* Dataset content:
────

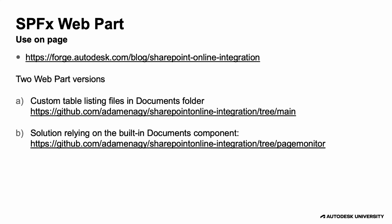All the source code and further information can be found in this blog post. The GitHub repo has two branches. In the main branch, the web part also lists the files in the Documents folder.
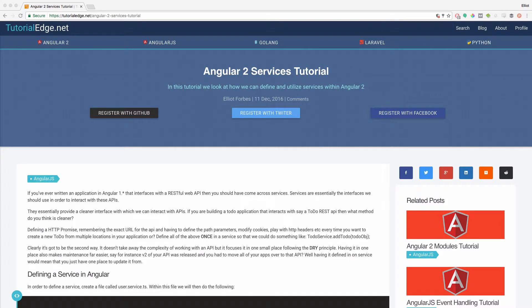Hey guys, it's Elliot from tutoriales.net and welcome to the third tutorial in my Angular development tutorial series. In this tutorial we're going to be looking at Angular services and I'm going to be showing you exactly what services are, how we can create them and how we can utilize them within our Angular applications.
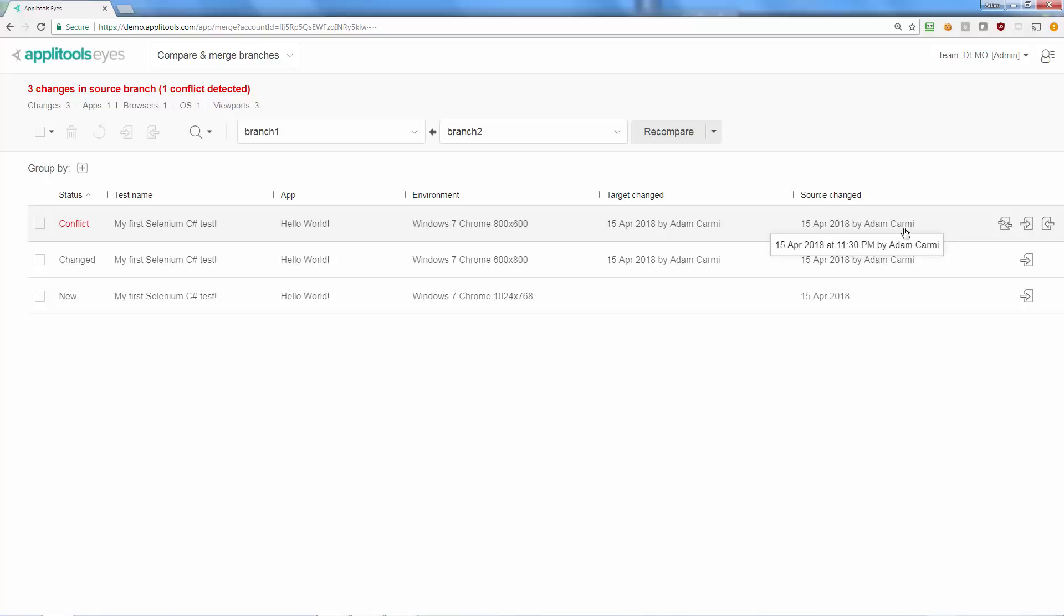If you want to merge the baseline changes of the source branch into the target branch, you must first resolve all conflicts. You can do this by choosing to only take the changes in the source branch or only take those in the target branch.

────

* What you are asked to do: Copy out all the data exactly. No images belong in the copy.

* Expected answer:
All the source code and further information can be found in this blog post. The GitHub repo has two branches. In the main branch, the web part also lists the files in the Documents folder.
Hey guys, it's Elliot from tutoriales.net and welcome to the third tutorial in my Angular development tutorial series. In this tutorial we're going to be looking at Angular services and I'm going to be showing you exactly what services are, how we can create them and how we can utilize them within our Angular applications.
If you want to merge the baseline changes of the source branch into the target branch, you must first resolve all conflicts. You can do this by choosing to only take the changes in the source branch or only take those in the target branch.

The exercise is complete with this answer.